One basic problem with thermal drive is that while the region of the reservoir which has been swept by the heated fluid or heat-generating fluid contains low residual oil saturations, generally less than half of the reservoir is swept before the flowing heated or heat-generating fluid breaks through at the production well. Once this occurs, fluid bypass tends to make further operations uneconomical. A great deal of work in the industry has been devoted to improving the fraction of the reservoir volume which can be swept by the thermal process before the heated or heat-generating fluid breaks through at the production well causing oil production to become uneconomic, i.e., improved sweep efficiencies are needed.
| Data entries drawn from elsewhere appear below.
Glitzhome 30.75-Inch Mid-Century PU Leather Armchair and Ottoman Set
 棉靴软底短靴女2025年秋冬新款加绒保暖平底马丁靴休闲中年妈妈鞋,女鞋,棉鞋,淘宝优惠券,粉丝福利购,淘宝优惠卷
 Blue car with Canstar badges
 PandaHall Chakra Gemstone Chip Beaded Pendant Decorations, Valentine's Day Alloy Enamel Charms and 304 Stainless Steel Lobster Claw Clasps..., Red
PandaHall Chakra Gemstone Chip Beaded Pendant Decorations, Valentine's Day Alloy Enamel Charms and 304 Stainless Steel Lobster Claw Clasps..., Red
Many of the more promising approaches currently being developed utilize combinations of horizontal wells in order to improve oil recoveries. Such horizontal wells may also be combined with access shafts or very large-diameter boreholes capable of accommodating the passage of men and equipment.
One such process is described in U.S. Pat. No. 4,020,901 which issued on May 3, 1977 to Peter Pisio and Charles F. Kirkvolt (Chevron Research Company). This patent discloses a special arrangement of equipment for recovering heavy oil from very thick tar sand formations. The invention involves the use of heating conduits extending horizontally from a vertical shaft into the tar sand formation. Steam is flowed through the horizontal conduits to indirectly heat the adjacent formation and create a flowpath surrounding the conduits for production of fluids. In order to promote flow of heated petroleum to the flowpath, steam is injected directly into the formation via separate injection conduits. The patent discloses the use of a set of vertical injection conduits for delivering steam to the formation; alternatively, a set of slanted wells may be used to deliver the steam to the formation. In essence, the approach taken is to sweep the heated petroleum into a laterally extending flowpath and outwardly along the flowpath. The heated petroleum is then recovered near the end of the horizontal conduit and floats into the shaft. Presumably, over time, the steam will sweep more and more petroleum to the end of the horizontal conduit thereby creating an expanding steam saturated region.
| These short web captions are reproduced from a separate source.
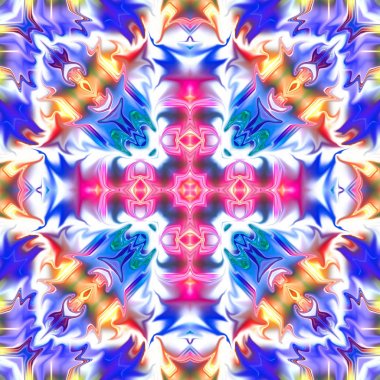 Oryantal model, mistik motifi, arka plan. Muhteşem tasarım, renkli dijital sanat, geometrik doku.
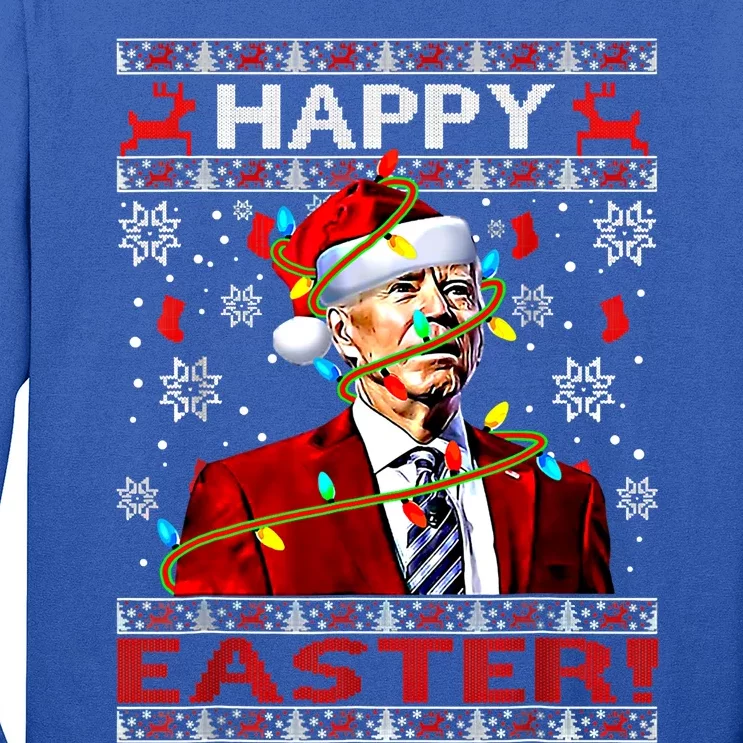 Funny Santa Joe Biden Happy Easter Ugly Christmas Lights Gift Long Sleeve Shirt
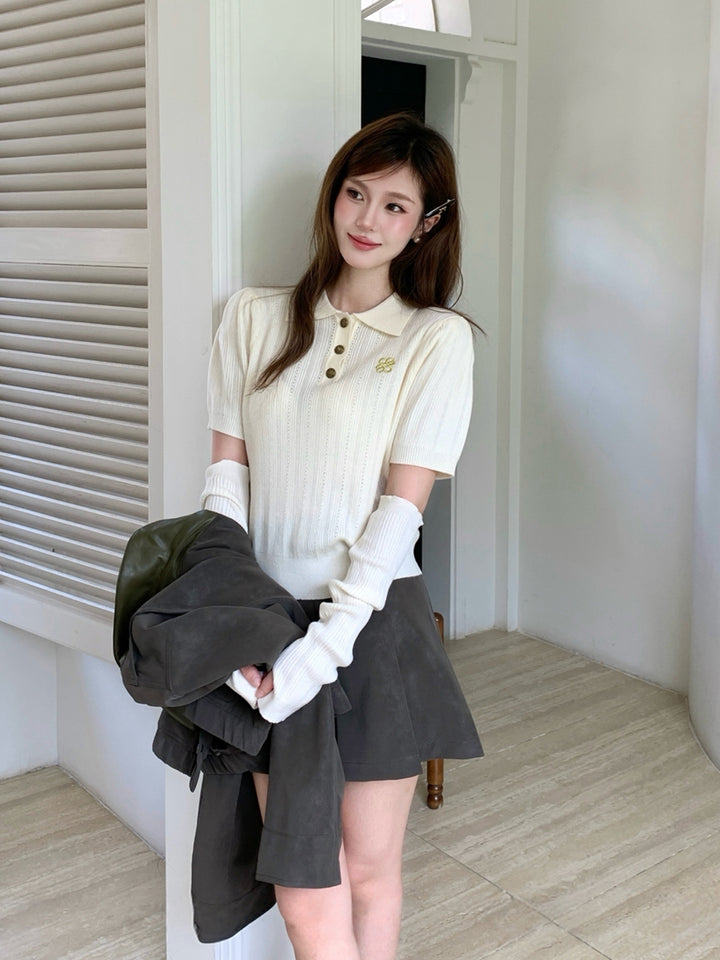【tops】アームカバー付きニットポロシャツ Q8949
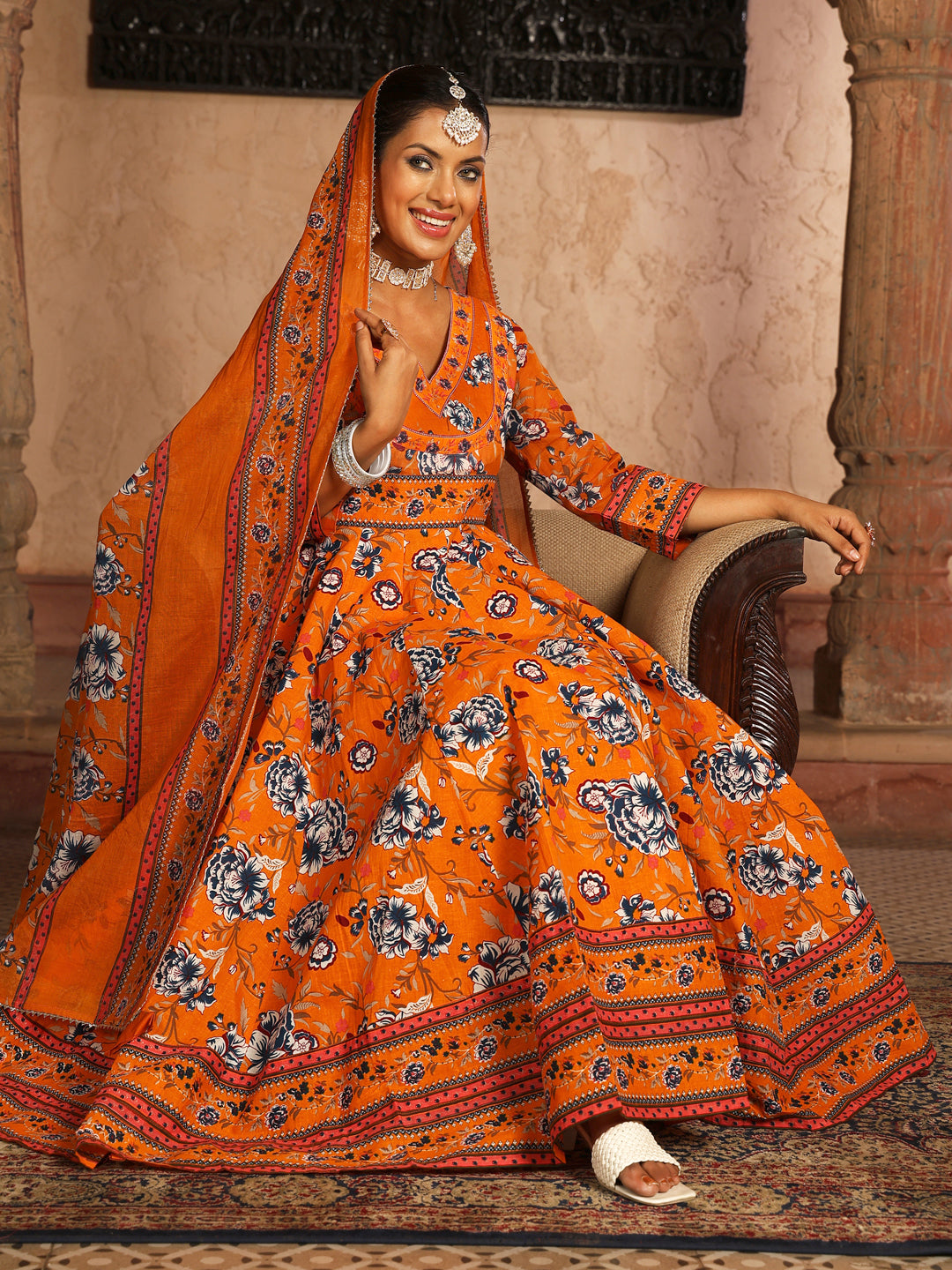 Cotton Calf Length Printed Flared 3/4 Sleeves V-Neck Kurta Suit Set With Dupatta (Preorder)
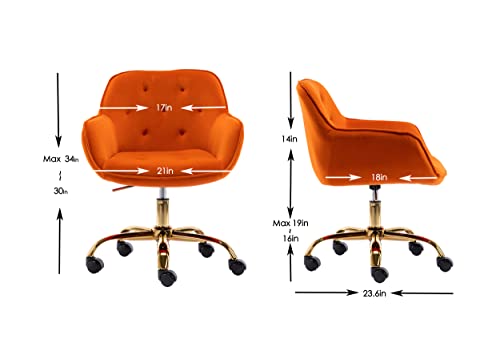 Dark Orange Velvet Adjustable Swivel Desk Chair with Wheels T454596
One problem with the method of U.S. Pat. No. 4,020,901 is that while the creation of a flowpath is highly desirable, the approach here will be inherently extremely slow since heat is delivered to the formation for this purpose only indirectly. Conductive heating by indirect heating of the formation adjacent the horizontal conduit will be slow. Also, the method does not utilize many of the advantages of steam stimulation, such as removal of near-wellbore damage caused by fine solids, and asphaltic paraffinic deposits. In addition, a hot path between the injection location and production location is needed to effect fluid communication; however, this hot path of very high mobility tends to cause hot injected fluid to bypass the cold, viscous oil which must be heated.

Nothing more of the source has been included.